Early videos from the late 1980s omit warnings about electronic devices, as it was less of a concern at the time. Since smoking was still acceptable on many airliners, these videos feature antiquated reminders about smoking on board, including acceptable locations to do so and a command to stop smoking should the oxygen masks be deployed.

Videos of this era often use 2-dimensional animation or very primitive 3D computer generated imagery to illustrate elements of the demonstration. While animation is usually used sparingly, some videos are fully animated (usually in 3D), such as ATA's circa-1994 safety video.

When videos of this time were captioned, it was usually only captioned in the language already being spoken on the audio track. Bilingual videos typically had the primary language's instructions repeated verbally immediately afterward, but almost never had the secondary language captioned.

Arguably, elements of the demonstration were either overexplained, underexplained, or poorly described during this time. For instance, TWA's safety video mentioned a "slight burning odor" when oxygen masks are in use.
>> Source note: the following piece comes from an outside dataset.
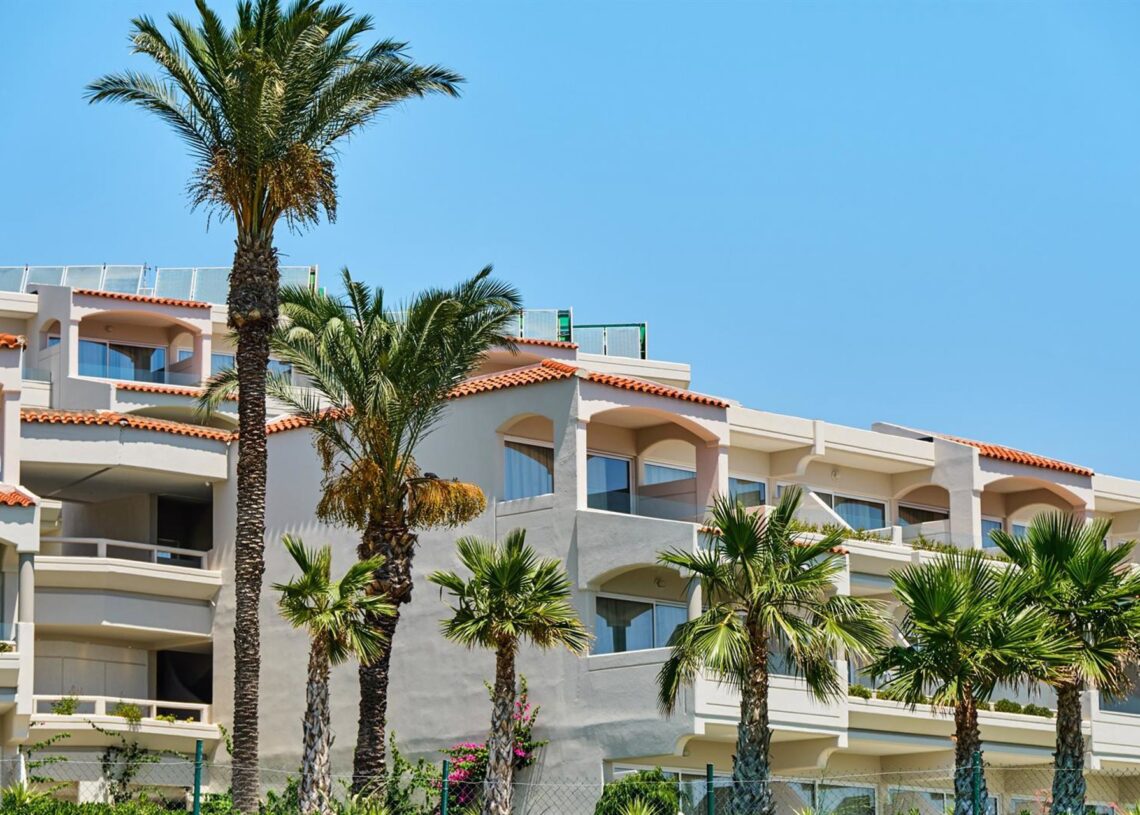 Archivo - El alquiler de verano en Baleares, Costa Brava y Costa de la Luz iguala los ingresos anuales de sus capitales de provinciaPISOS.COM - Archivo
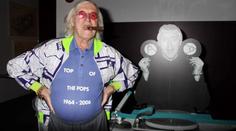Savile znásilňoval i děti v nemocnicích, kryli ho lékaři i sestry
Most demonstrations were also lacking in their explanation of electronic device policies as portable electronic devices were only beginning to become a concern.

Videos were typically designated to a specific model of aircraft but shared certain assets between videos produced by the same airline, including film recorded on a completely different aircraft. This practice continues to the modern day, although it is variably less prevalent than during the 1980s and 1990s.

=== Late 1990s to present ===
By this point, airlines had found a refined format for their safety videos. Most videos, though produced differently, kept the same basic script with the same points. For instance, the Delta Air Lines safety video from 2000 and 2001 quoted one of their early '90s videos almost verbatim for most of the runtime.

Electronic device policies were also updated to include that cellular phones and other radio-based electronics are not permitted to be used at any time while other devices may be used in-flight but must be shut off for takeoff and landing. Briefings were changed in 2013 after the FAA allowed the usage of small portable electronic devices, as long as they aren't connected to cellular networks, throughout the duration of a flight and only larger ones have to be stowed during takeoff and landing.

== Effectiveness ==
Humor or deviation from standardization in safety briefings has drawn critique by some aviation experts. Research conducted at the University of New South Wales in Australia questions the effectiveness of these briefings in conveying key safety messages for passengers to recall and act upon in an emergency. In one study, a range of pre-recorded safety briefings were tested. One safety briefing contained humor, another was void of humor (said to reflect a standard style briefing), and another used a celebrity to sell the importance of the safety briefing and the messages contained within. Not long after being exposed to the briefing, individuals recalled approximately 50% of the key safety messages from the briefing featuring the celebrity, 45% from the briefing containing humor, and 32% from the briefing void of both a celebrity and humor. Two hours post exposure to the pre-flight safety briefings, recall decreased on average by 4% from the original levels across all conditions.